University of Virginia Professor Daniel Willingham is well known in ed circles for applying cognitive science to K-16 education. One topic to which he has written and returned is the notion of different “learning styles” and whether there is any real evidence for them. In 2009, for example, he wrote in a post on this blog:
Researchers have been conducting experiments on learning styles for 50 years. They’ve been tested with the sorts of materials that kids encounter in schools. They’ve been tested with kids diagnosed with a learning disability. There just doesn’t seem to be much evidence that kids learn in fundamentally different ways. This is not to say that all kids are the same, or that all kids should be taught the same way. But it does help us to understand what the source of these differences might be.

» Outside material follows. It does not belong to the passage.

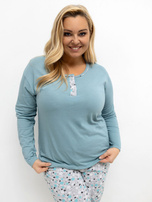 Ciemnomiętowa piżama plus size ze spodniami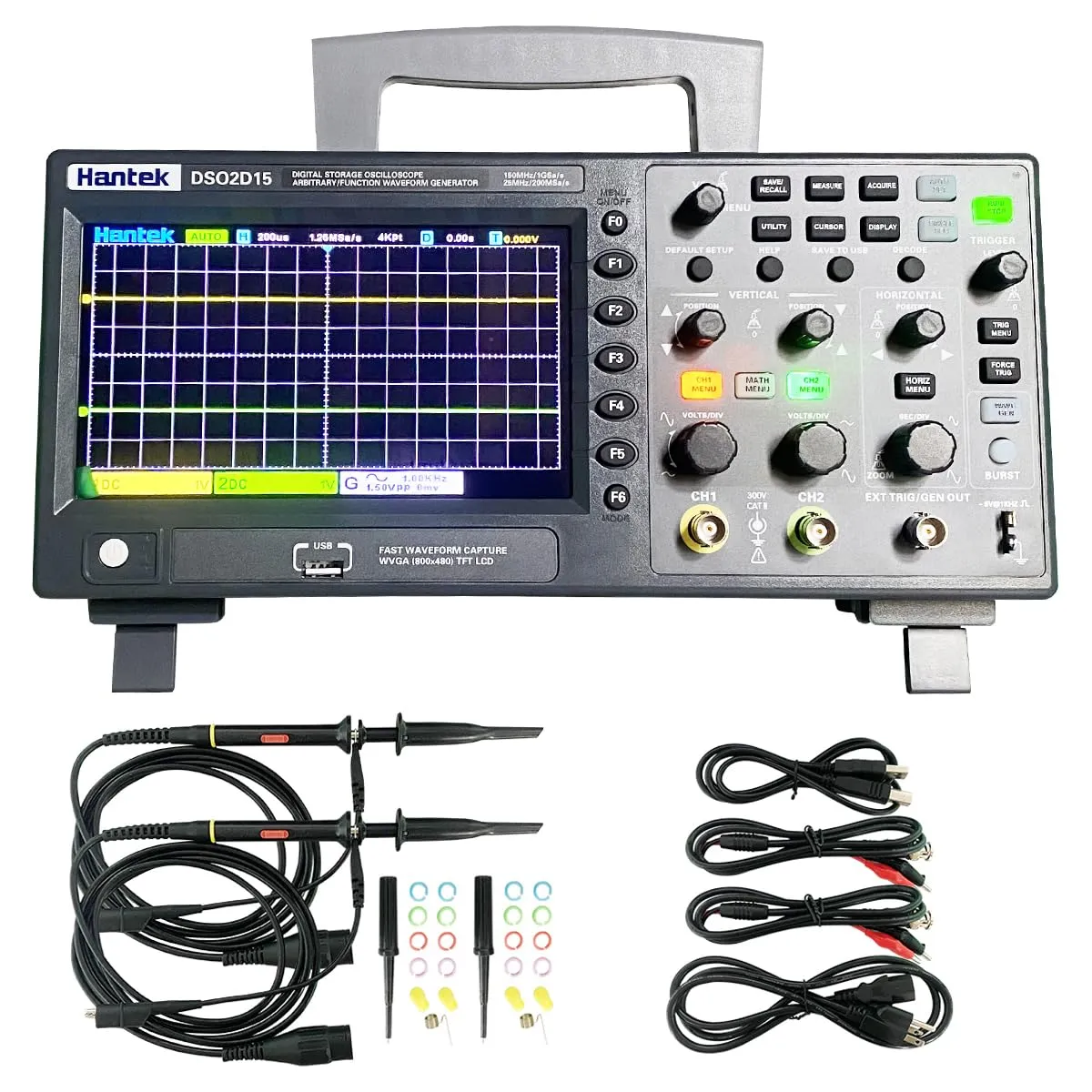 Hantek DSO2D15 Digital Storage Lab Oscilloscope USB 150MHz Bandwidth 2CH Dual Channel 1GSa/s 8M Memory Depth with 1CH 25MHz Waveform Generator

Here is a new piece on the subject from Willingham, a professor and director of graduate studies in psychology at the University of Virginia and author of “Why Don’t Students Like School?” His latest book is “When Can You Trust The Experts? How to tell good science from bad in education.” This appeared on his Science and Education blog.
By Daniel Willingham
A teacher from the United Kingdom has just written to me asking for a bit of clarification (EDIT: the email came from Sue Cowley, who is actually a teacher trainer.)

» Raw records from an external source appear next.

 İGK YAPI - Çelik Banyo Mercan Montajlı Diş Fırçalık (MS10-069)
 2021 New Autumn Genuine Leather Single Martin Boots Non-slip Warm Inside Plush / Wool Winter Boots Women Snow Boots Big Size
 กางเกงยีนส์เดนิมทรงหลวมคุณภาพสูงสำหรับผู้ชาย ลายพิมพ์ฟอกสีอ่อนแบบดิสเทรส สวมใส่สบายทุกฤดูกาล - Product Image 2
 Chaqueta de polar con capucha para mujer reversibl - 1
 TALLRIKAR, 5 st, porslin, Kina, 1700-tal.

She says that some people are taking my writing on the experiments that have tested predictions of learning styles theories (see here) as implying that teachers ought not to use these theories to inform their practice.
Her reading of what I’ve written on the subject differs: she thinks I’m suggesting that although the scientific backing for learning styles is absent, teachers may still find the idea useful in the classroom.

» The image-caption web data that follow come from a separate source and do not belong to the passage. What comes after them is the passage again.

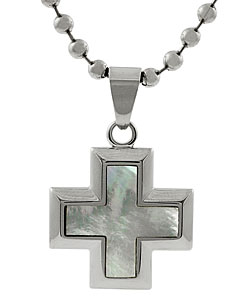 Stainless Steel Mother Of Pearl Cross Necklace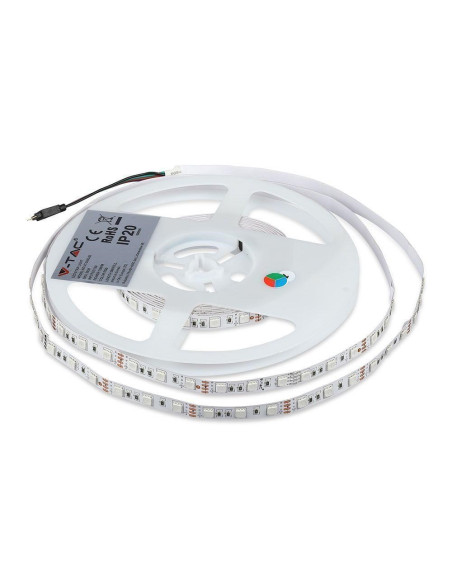 Taśma Led V-Tac Vt-5050 60 Ip20-Rgb Smd5050 12V 230V Ip20 10W/M 1000Lm (Sku 2558)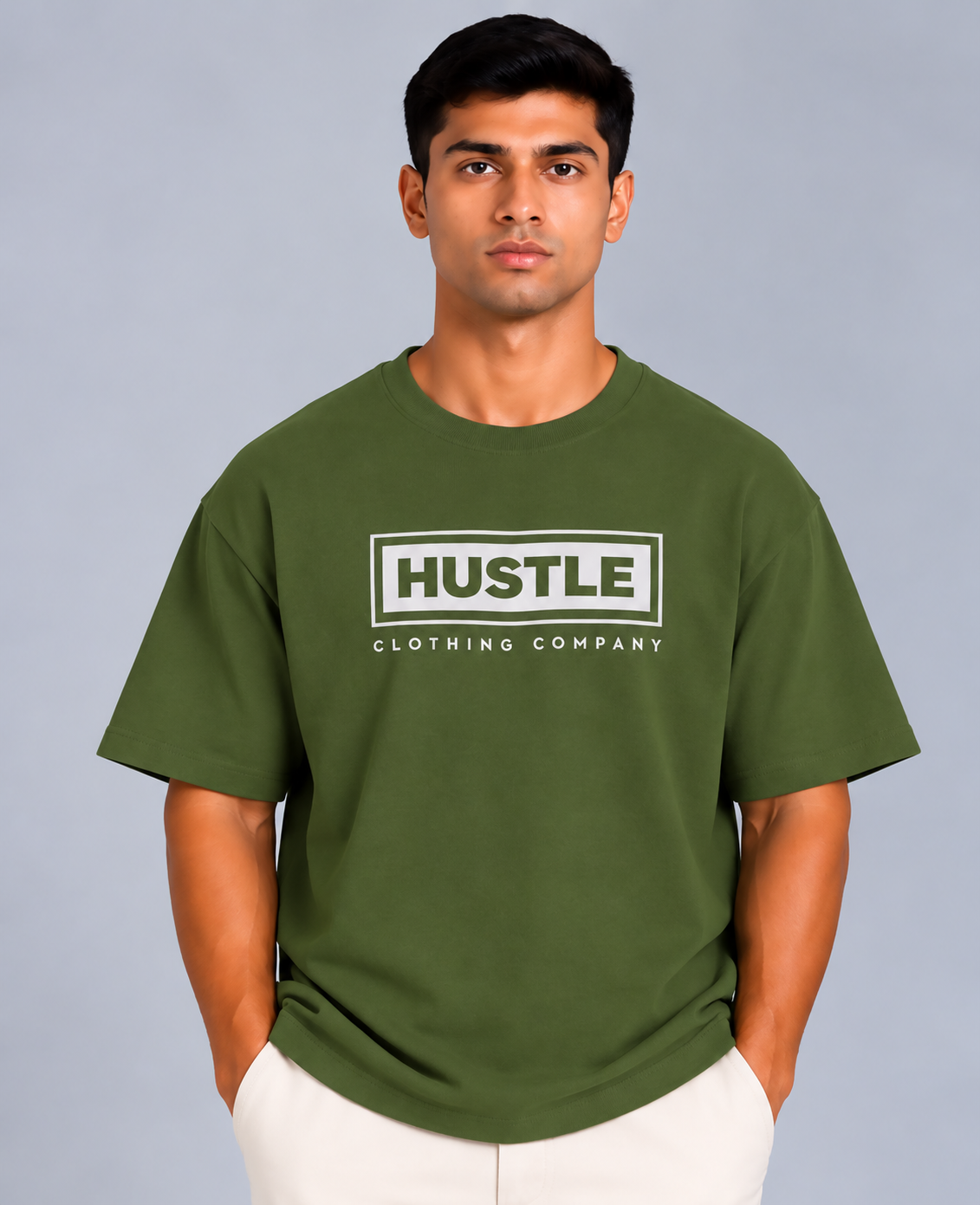 HUSTLE Men's Crew Neck Oversized Tees - Dark Olive Green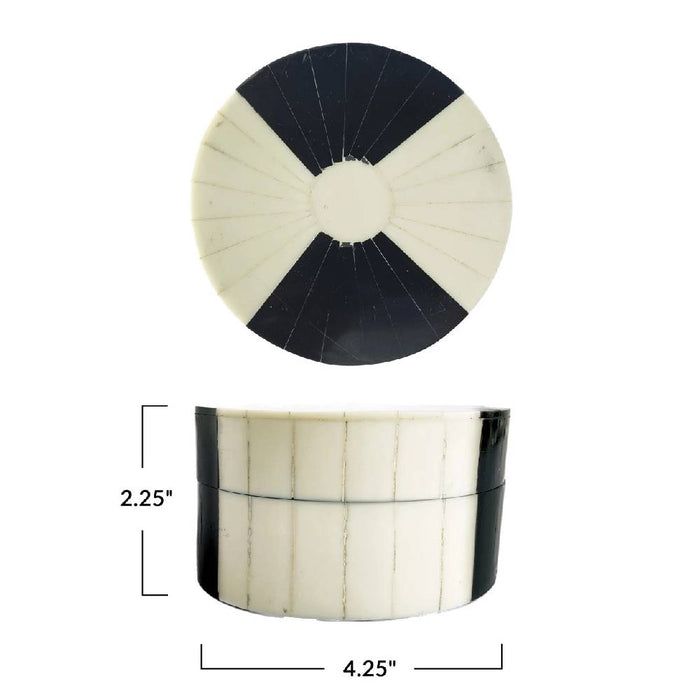 Black & Cream Stripe Round Resin Box HOME & GIFTS - Home Decor - Decorative Accents Creative Co-Op   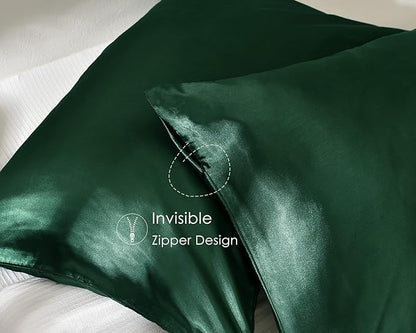Yanibest Satin Pillowcase, Silk Pillow Cases for Hair and Skin with Zipper, Queen Pillow Cases Set of 2 for 20"x30", Exquisite Packaging for Women Men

The larger issue–the relationship of basic science to practice–is complex enough that I thought it was worth writing a book about it. But I’ll describe one important aspect of the problem here.
There are two methods by which one might use learning styles theories to inspire ones practice. The way that scientific evidence bears on these two methods is radically different.
Method 1: Scientific evidence on children’s learning is consistent with how I teach.
Teachers inevitably have a theory–implicit or explicit–of how children learn. This theory influences choices teachers make in their practice. If you believe that science provides a good way to develop and update your theory of how children learn, then the harmony between this theory and your practice is one way that you build your own confidence that you’re teaching effectively. (It is not, of course, the only source of evidence teachers would consider.)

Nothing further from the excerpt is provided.